December 23, 2021

Azure DataBricks ETL

Bhagvan Kommadibhagvanarch

DURATION

15min

Introduction

Data can be Extracted, Transformed, and Loaded (ETL) from one source to another using an ETL tool. Azure Databricks ETL provides capabilities to transform data using different operations like join, parse, pivot rank, and filter into Azure Synapse.

Creation of Azure Databricks service

You can use Databricks on trial or pay as you go. The pay as you go model depends on the usage of underlying services utilized and virtual machines.

You can create a Databricks account as shown below:

You can see the workspace created for Azure DataBricks ETL.

You can see in the left menu the items for cluster creation and notebook creation.

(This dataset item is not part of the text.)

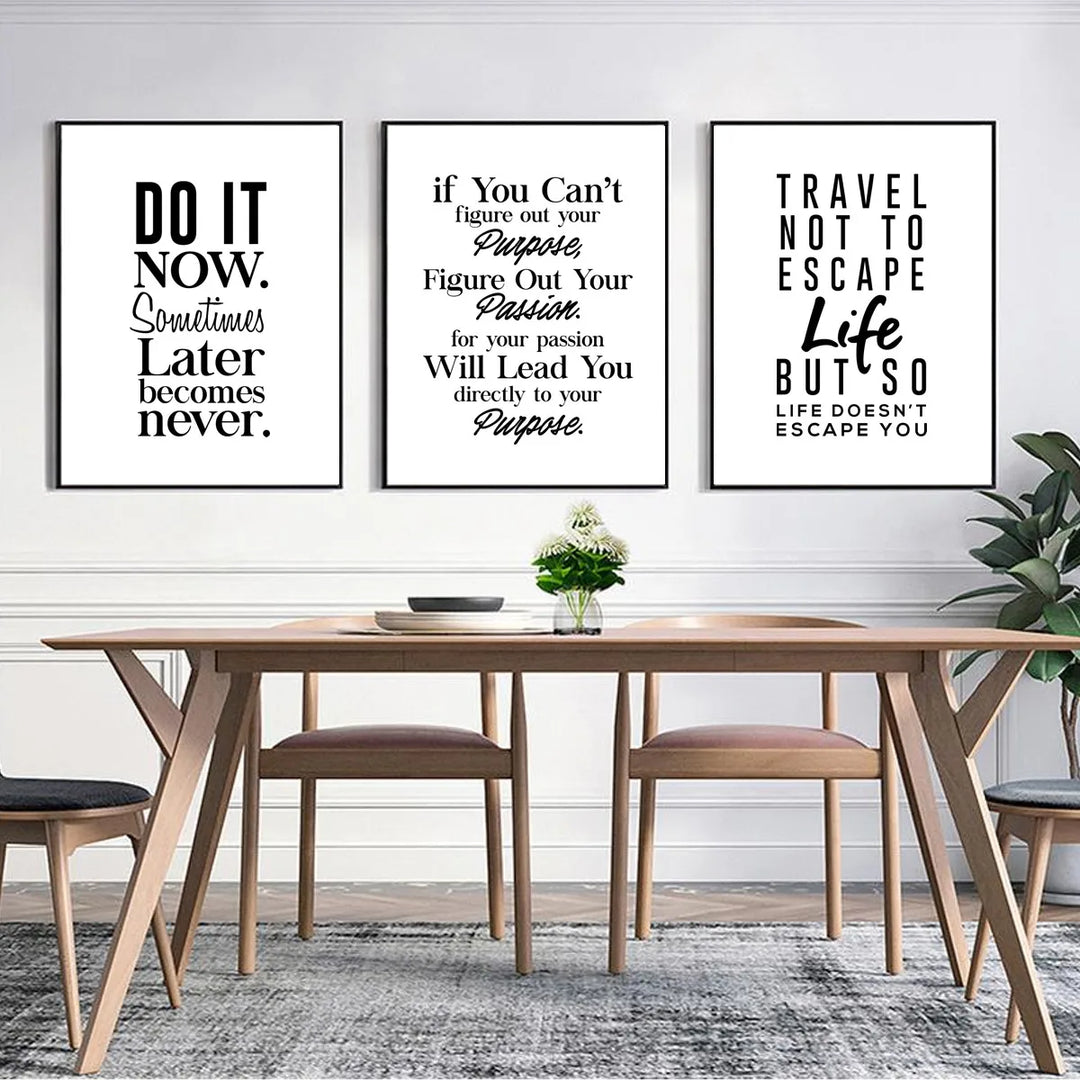 English Inspirational Quotes Words Poster Canvas Print Painting Wall Art Living Room Home Decoration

Now let us create the Spark cluster.

Creation of a Spark cluster

The Apache Spark team created Databricks for use in data analysis, data processing, and data engineering. Another important feature is job API for data management. You can process data using job execution by data scientists, engineers, and analysts. You can execute applications using the job API by using notebooks on the cluster and managing the job execution results with CLI, API, and alerts.

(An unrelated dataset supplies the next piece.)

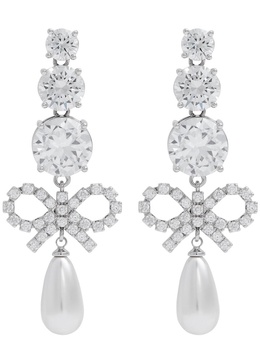 Crystal-embellished bow drop earrings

You can use a Databricks cluster for analysis, streaming analytics, ad hoc analytics, and ETL data workflows. The Jupyter Notebook on Databricks contains commands. There are two types of clusters - job clusters and all purpose clusters. You can use all purpose clusters for data analysis using notebooks and job clusters for executing the jobs. Utilize all purpose clusters by using the user interface, command line interface and REST API. Collaboration with other users can be done on different clusters.

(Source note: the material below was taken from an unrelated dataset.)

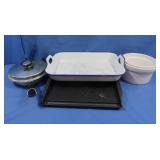 Enamel Baking Pan,Ceramic Bowls,Skillet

Let us first start with Databricks home to get cluster access.

Clusters can be created in the UI. You can use the job cluster for executing jobs and the cluster can be stopped once the job is done. You need to have a job to get started on cluster creation. Permissions need to be granted for creation of jobs and clusters.

You can click on the clusters icon on the sidebar from the Databricks home. Click on create cluster now.

To name the cluster, input its name using the configuration tab. Notebooks can also be added for query and command execution.

Creation of a file system in the Data Lake Storage Gen2 account.

You can create a notebook in Azure Databricks workspace and then execute code snippets to configure the storage account. Let’s start creating a storage account.

Now name the storage account using the UI and deselect the option “Enable blog public access”.

Now select the cool Access Tier as shown below:

You can now click Next and review the networking options.

You can click Next and deselect the data partition like “Enable soft delete for blobs”.

Finally, you can review and finish creating the storage account.

Now verify the configuration before the creation of a storage account.

Next, you can create a storage container in the storage account.

Create a new container to upload a file -“Products.csv”.

Next, click on the upload button to create a blob in the storage container.

Finally, you can see the created blob in the storage container.

You can also preview the csv file.

Let us now look at the creation of data flow. You need to navigate to the data factory view.

Creation of Data Flow

To start with, you can create a data flow using the data factory orchestrate option.

You can name the data flow by typing the name. Create a new dataset by clicking on Add Source.

Next, you can name the dataset by typing the name. You can create a new linked service as displayed in the snippet below:

Creation of Service Principal

You can create a service principal which provides access to the resources required. You can assign a role to the service principal which can be at the resource level, resource group, or subscription level. The service principal can be created by using Azure portal or Power Shell. You need access to Azure Active Directory to register an application. After creation of the application, the role is assigned to the service principal based on this role.